◆ Your goal: From the records below, copy out exactly the lines from the one containing "提灯与地下城属性克制冷知识！这份相克图让你暴力破局" to the one containing "MESCALINE Первоуральск", both included. Add nothing else.

◆ Record extracts:
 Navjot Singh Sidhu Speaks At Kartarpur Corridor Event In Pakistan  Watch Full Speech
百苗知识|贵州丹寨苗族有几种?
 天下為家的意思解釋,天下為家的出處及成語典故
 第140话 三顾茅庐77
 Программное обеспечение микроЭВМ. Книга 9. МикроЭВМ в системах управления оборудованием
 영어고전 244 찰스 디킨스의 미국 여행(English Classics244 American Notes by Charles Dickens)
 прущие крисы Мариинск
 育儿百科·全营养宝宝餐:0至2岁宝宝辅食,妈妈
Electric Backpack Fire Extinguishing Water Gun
==
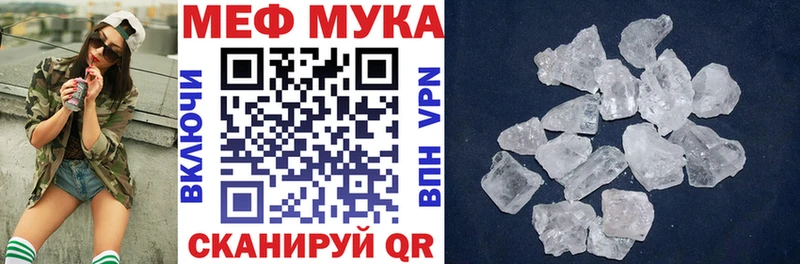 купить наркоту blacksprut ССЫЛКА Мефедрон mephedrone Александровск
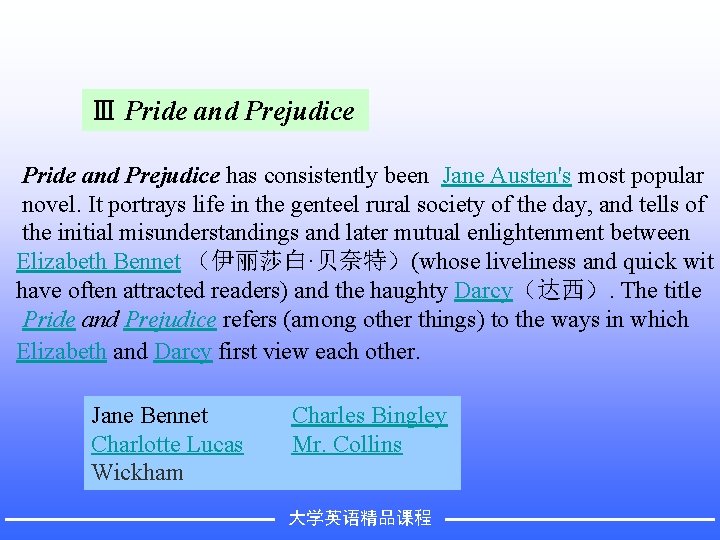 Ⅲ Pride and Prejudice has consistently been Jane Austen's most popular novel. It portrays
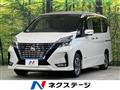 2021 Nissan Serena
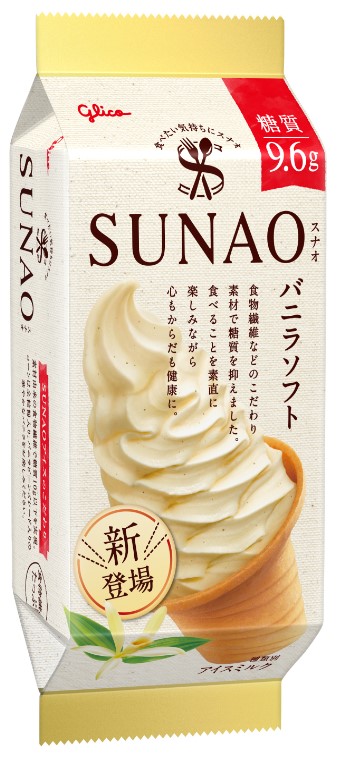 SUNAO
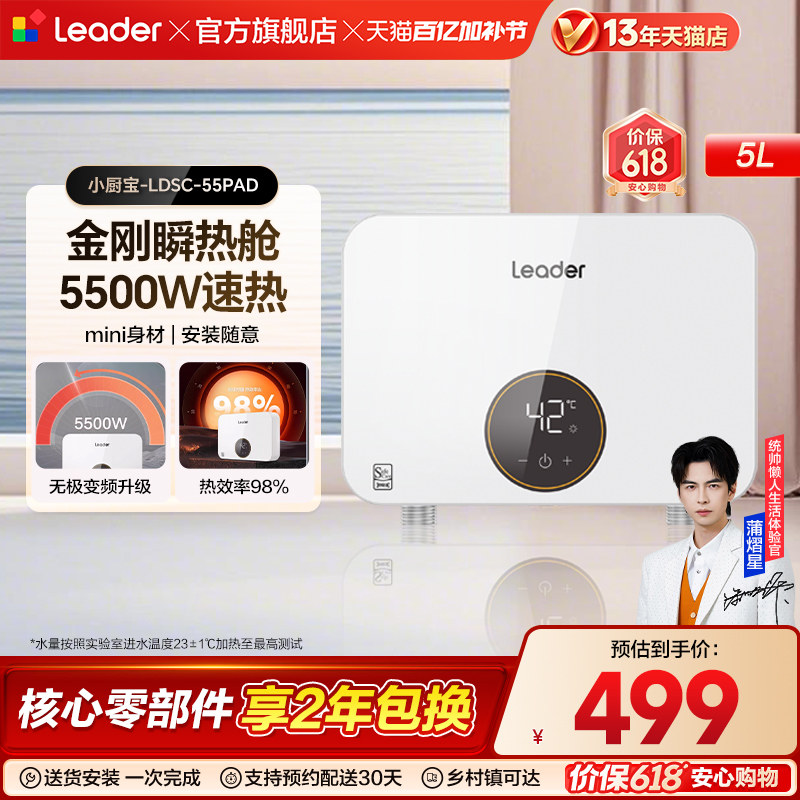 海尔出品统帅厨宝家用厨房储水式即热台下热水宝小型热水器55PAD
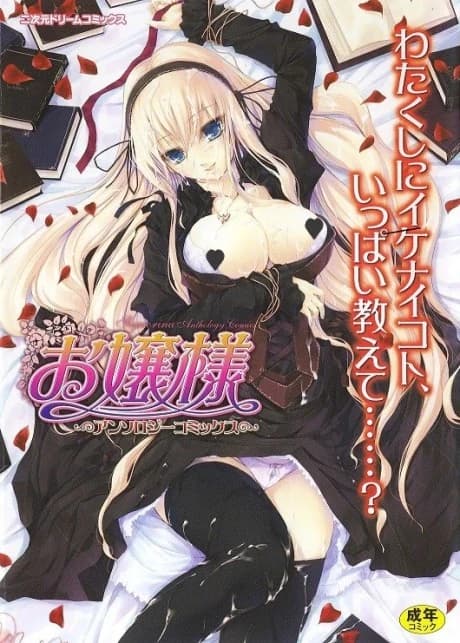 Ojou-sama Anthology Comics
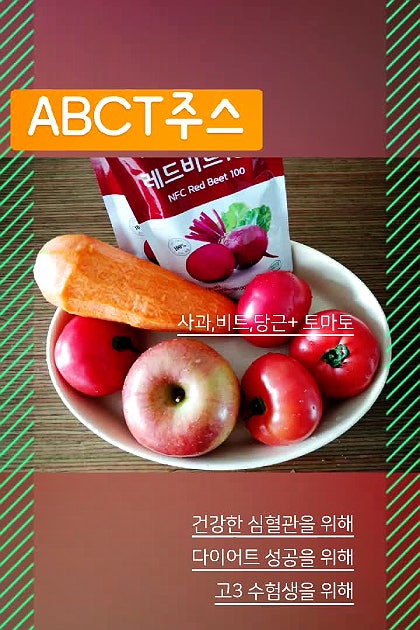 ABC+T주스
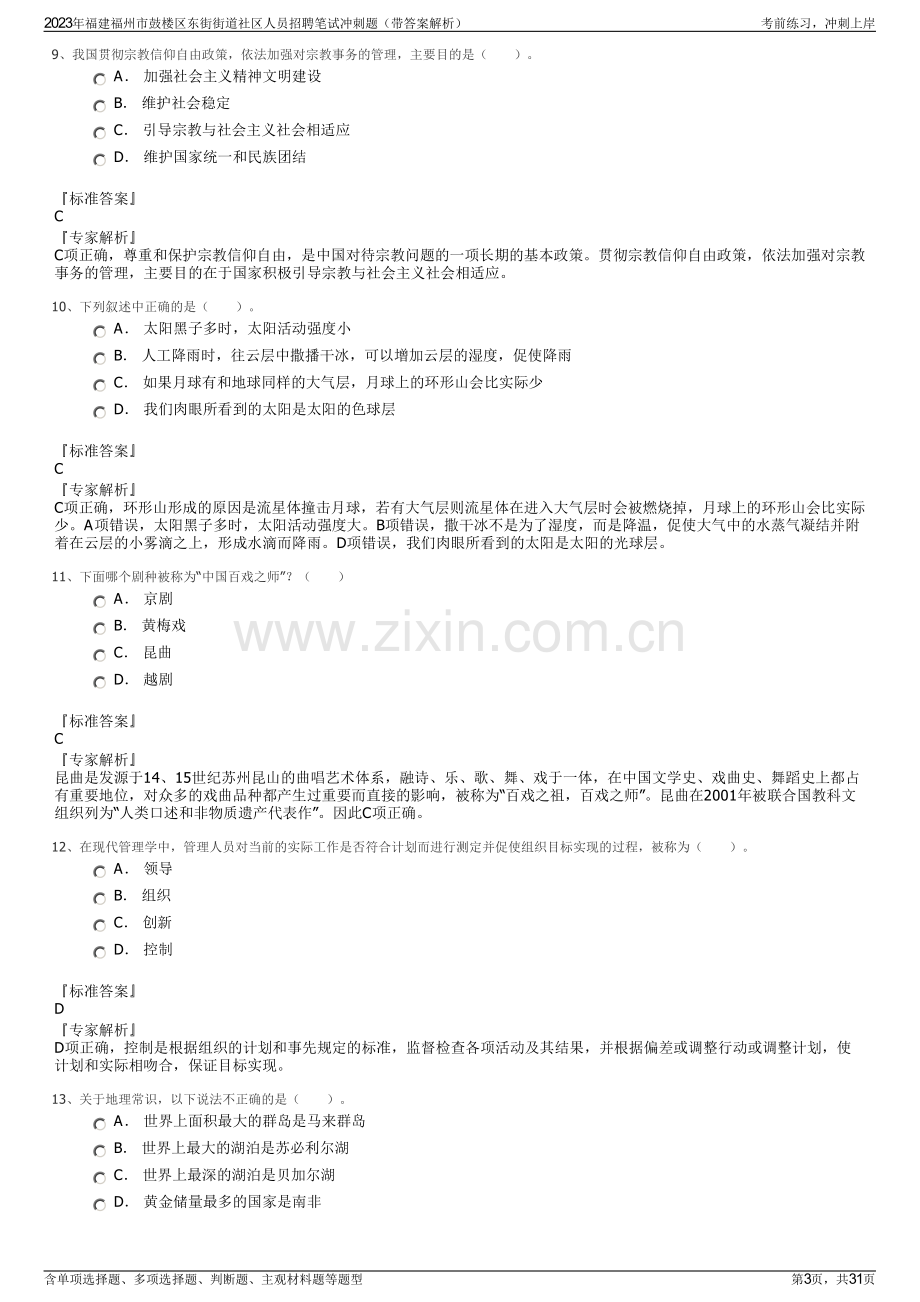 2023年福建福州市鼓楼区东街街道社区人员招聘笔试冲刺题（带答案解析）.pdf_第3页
--
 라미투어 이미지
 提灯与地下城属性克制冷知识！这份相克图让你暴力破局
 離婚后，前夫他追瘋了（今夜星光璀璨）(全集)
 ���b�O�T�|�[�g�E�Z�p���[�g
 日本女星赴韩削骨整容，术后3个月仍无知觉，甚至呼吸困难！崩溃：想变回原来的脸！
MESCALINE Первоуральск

◆ Answer box:
 提灯与地下城属性克制冷知识！这份相克图让你暴力破局
 離婚后，前夫他追瘋了（今夜星光璀璨）(全集)
 ���b�O�T�|�[�g�E�Z�p���[�g
 日本女星赴韩削骨整容，术后3个月仍无知觉，甚至呼吸困难！崩溃：想变回原来的脸！
MESCALINE Первоуральск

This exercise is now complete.